[Pericopsis elata]

Sometimes spelled “Afrormosia,” this exotic West African hardwood not only bears a striking resemblance to Teak, it also shares similar working and mechanical properties to the Tectona grandis species. So, despite not being even closely related to genuine Teak, Afromosia is sometimes referred to as “African Teak.” And even more frequently, it’s successfully used as a more price-conscious substitute for Teak.

Afromosia is known for a beautiful, overall color that ranges from yellow gold to a warm brown. And while its heartwood has an occassional reddish or olive hue — which tends to darken to a deep, rich walnut color over time — its clearly demarcated, narrow sapwood is typically a pale yellow.

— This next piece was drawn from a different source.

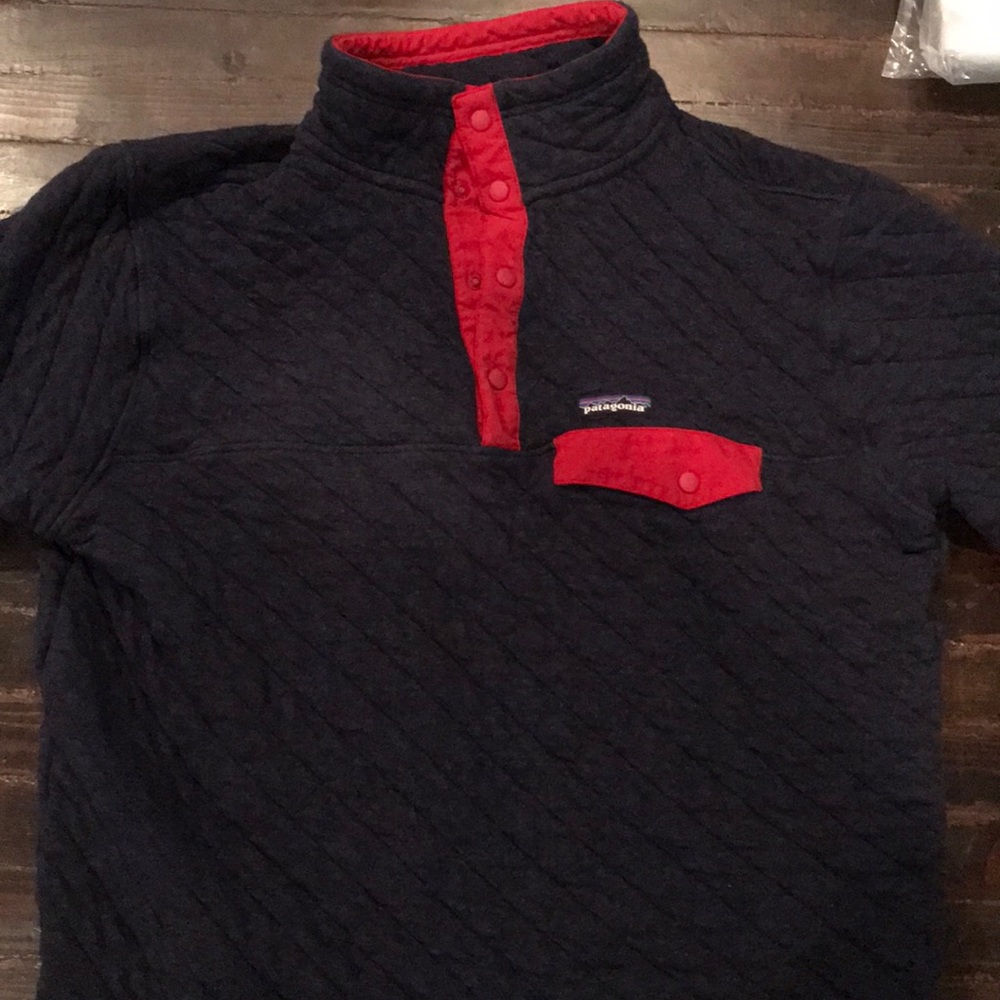 Quilted Cotton Patagonia Snap T Pullover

The grain of Afromosia is usually straight, though can be interlocked, and it has a fine, uniform texture and good luster. 

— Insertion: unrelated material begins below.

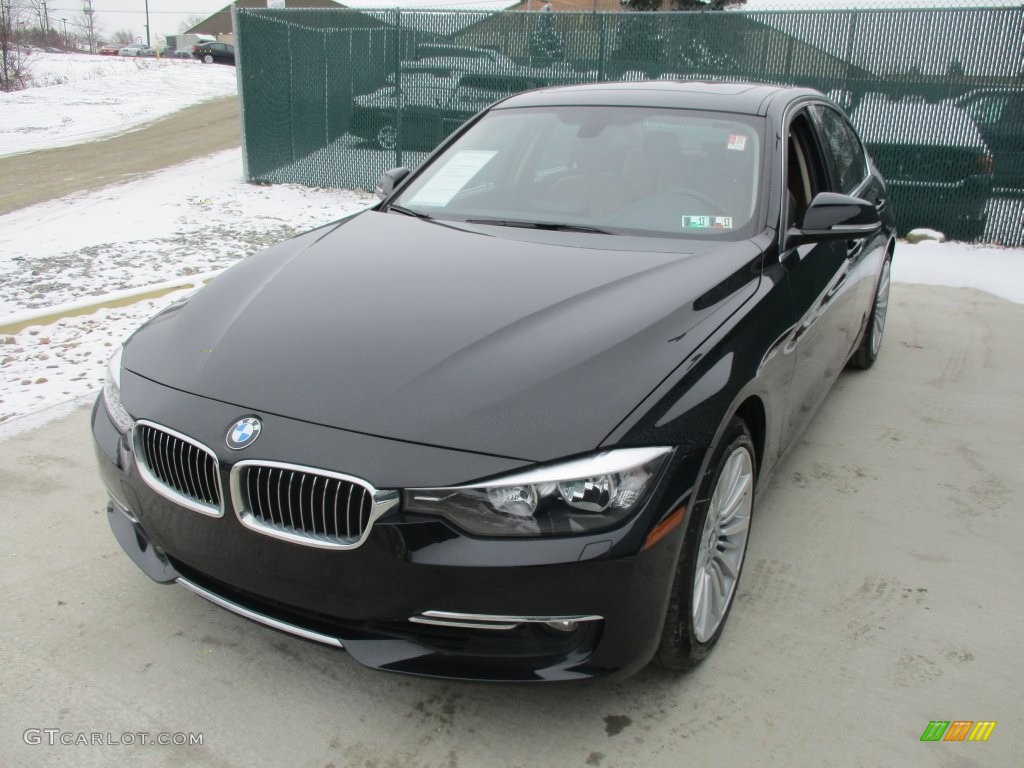 2013 3 Series 328i xDrive Sedan - Jet Black / Saddle Brown photo #7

A first-class wood for veneer, flooring, furniture, and boatbuilding, Afromosia  has been a longtime favorite in Europe for high-grade commercial and residential construction.

Species Distribution:

West Africa
Republic of Congo
Ivory Coast

Common / Alternative Names:

African Teak

Janka Hardness:

1,570 lbf

Sustainability Status:

CITES Appendices: Listed in CITES Appendix II
IUCN Red List of Threatened Species: Listed on the IUCN Red List. It is listed as endangered due to a population reduction of over 50% in the past three generations, caused by a decline in its natural range, and exploitation.